После первого акта «Иванова», показанного в рамках Квадриеннале, по центральному проходу шел Отомар Крейча. Эмоции Давида, обычно крайне сдержанного в проявлении чувств, вырвали его из крайнего кресла восьмого ряда, и он встал перед Крейчей на колени – на глазах зала, ошеломленного увиденной постановкой и бешено зааплодировавшего поступку Боровского и готового последовать его примеру.
Телефонным разговором Ефремова с Боровским дело не ограничилось. Давид решил отказаться от «Иванова» при личной встрече и объяснить уважаемому им Олегу Николаевичу, почему он так поступает. Приехав в МХТ, он в кабинете Ефремова, назвав предложение Олега Николаевича «замечательным», поведал о том мощном впечатлении, которое оказал на него спектакль Крейчи. «Может быть, – говорил потом Давид, – это было не этично – расхваливать другому режиссеру работу его коллеги, но я не нашел другого способа. Надо отдать ему должное, он сказал: “Да, хорошо, я тебя понимаю”».
Давиду казалось, что просто невозможно сделать «Иванова» по-другому. Он считал, что пусть делают те, кто спектакль Крейчи не видел.
И дальше произошло то, что может произойти только в беседе двух выдающихся творческих личностей. Ефремов, которому, по наблюдению Давида, хотелось выговориться, говорил, говорил, прикуривая одну сигарету от другой, а Боровский не мог сразу встать и уйти.
И вдруг Ефремов сказал, помимо всего прочего, что он думает про эту пьесу («Не знаю, – говорил Давид, – или он где-то вычитал, или к этому сам пришел»): трагедия русского человека – это пространство.

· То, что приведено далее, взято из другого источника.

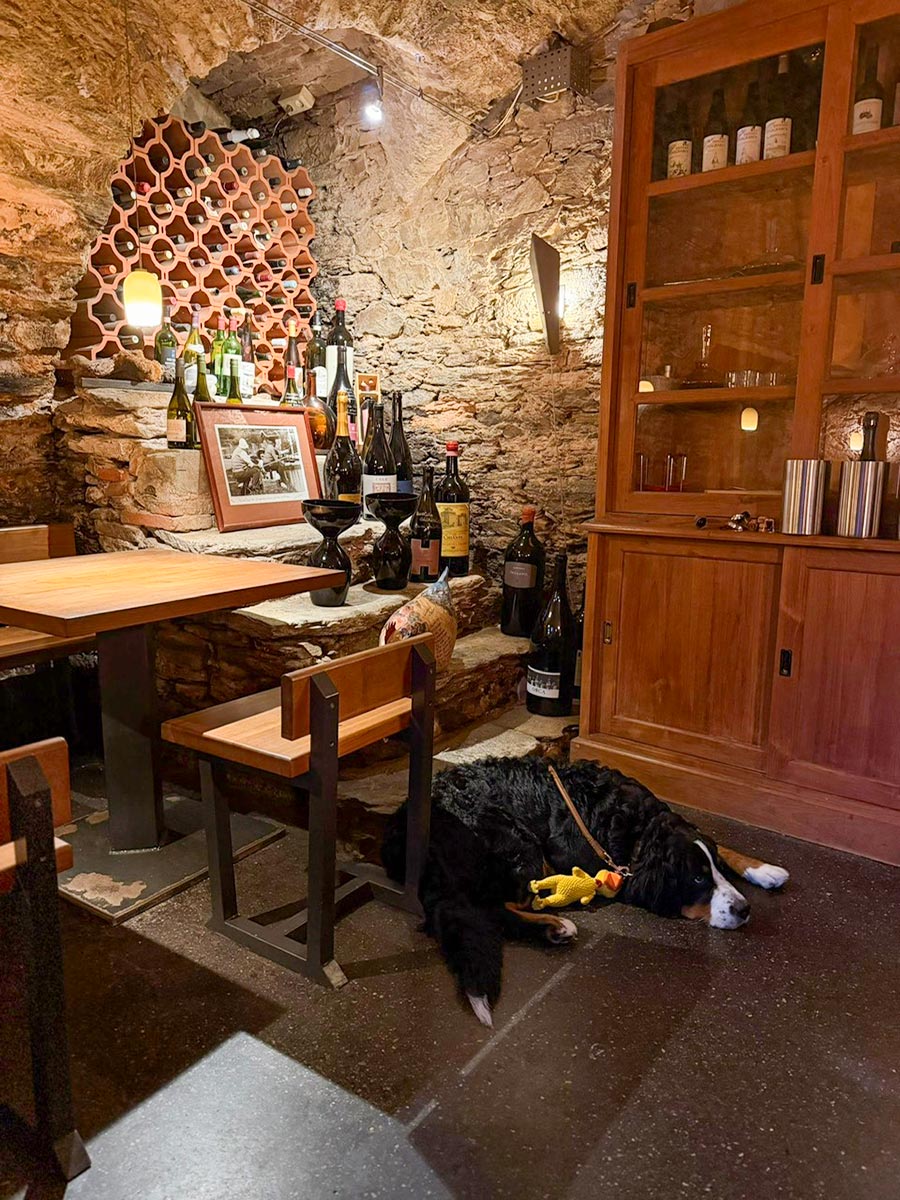 Gewölbekellertour am 30.1.2026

Огромное пространство, с которым он не может совладать.
«В данном случае, – рассказывал Боровский Смелянскому, – это был чисто режиссерский посыл такой. Что вот всегда Чехова бытово делают. Диваны, кушетки, столы, стулья. Да, это мир чеховских усадеб. А трагедия человека – в пространстве, с которым он не может совладать. И у меня что-то такое стукнуло внутри. Я сидел и как-то быстро стал соображать. А потом он произнес фамилию Смоктуновский. И я этого не ожидал и не знал. Смоктуновским тогда все болели. И я не исключение. Я говорю, а что, Смоктуновский будет играть Иванова? Он говорит, ну, да, разве я не говорил? И потом у меня в этом же разговоре всплыла в памяти некая такая заготовка, которую я много-много лет назад придумал. Мне довелось быть поздней осенью в Павловске под Питером. Усадьба сквозь осенний парк. И пейзаж этот, который посчастливилось увидеть, запал в голову. И лежал там, знаешь, как на антресолях. И здесь он вдруг вспомнился сразу».

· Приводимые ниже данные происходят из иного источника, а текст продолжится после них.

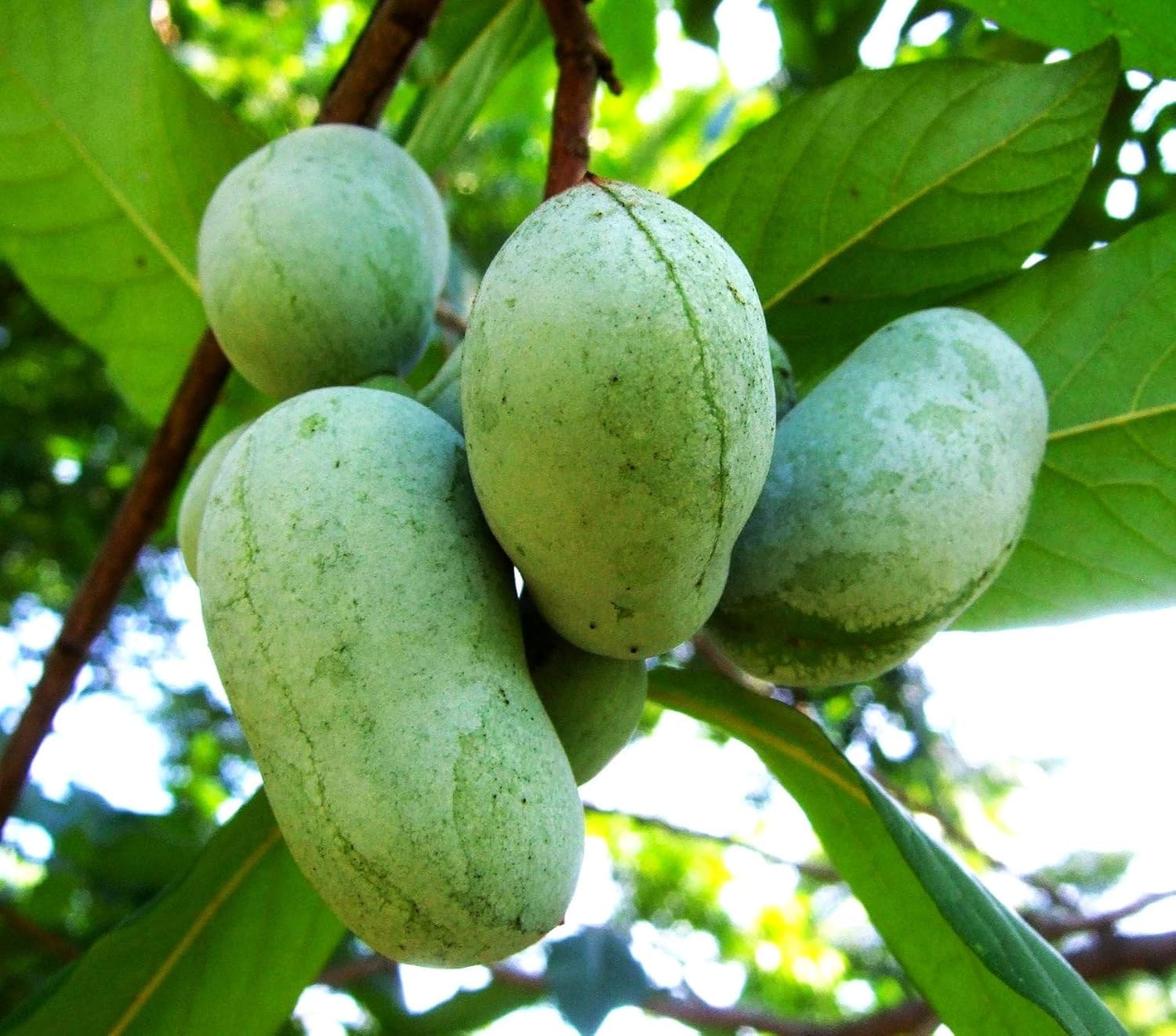 Pawpaw Fruit Tree Live, Tropical Paw Paw Tree Well Rooted in Quart Pot, 1 Year Old Edible Pawpaw, Dormant in Winter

После продолжительного монолога Олега Николаевича Боровский попросил десять дней на размышление («То есть я не сказал, что могу это делать, но если есть десять дней, то могу ими воспользоваться»). Ефремов согласился. Когда Давид ехал домой, он уже понимал, что знает, как делать. Сделал за четыре дня. Но обговоренные десять дней выждал и только потом позвонил Ефремову, который с большой группой из театра (Смоктуновского, правда, не было) приехал к Боровскому в мастерскую. Давид показал ему набросок. Ефремов видел, что на сцене нет ни одного предмета и спросил: «А как же играть-то?» И Давид стал вовлекать его в идею пустого пространства. «Наша с вами задача, – сказал он, – создать максимальное напряжение настроением. Потому что мы застали героя в разрушенном виде. Это не то, что он во время действия разрушается. Он уже разрушен».
Ефремов загорелся, вспомнив, возможно, о вычитанном в записных книжках Чехова образе русского пространства, с которым невозможно совладать, они договорились, и Давид приступил к изготовлению макета, тщательно его разрабатывая, осуществляя давнюю рифму, ту, «павловскую»: пространство парка спрессовать с фасадом усадьбы в одну плоскость.

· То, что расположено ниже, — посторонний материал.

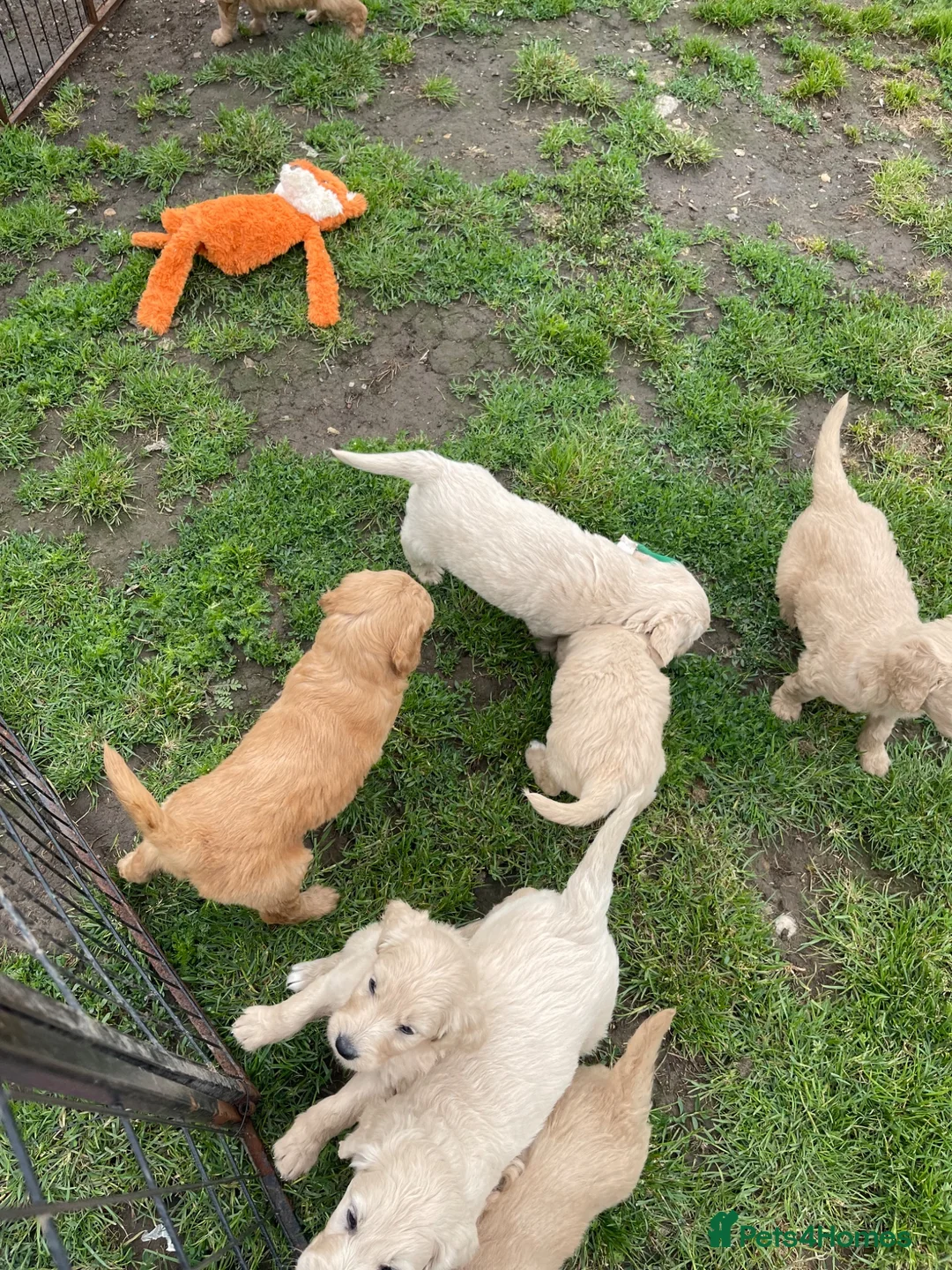 Goldendoodle dogs for sale: Golden doodles  - Advert 2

До него доходили слухи с мхатовских репетиций о том, что возникает некоторое напряжение, что пожилые актеры не могут долго стоять на ногах (а пространство-то – пустое!), и тогда Ефремов попросил Давида сделать так, чтобы на сцене появились стулья. «А потом Смоктуновский, – рассказывал Давид, – когда я в первый раз с ним встретился в коридоре или за кулисами, сказал: “Что же ты сделал?!” Ну, я же перед ним млел, перед Иннокентием Михайловичем, пытался что-то объяснить, но только ничего не смог объяснить». Иванова, по мнению Боровского, Смоктуновский замечательно играл.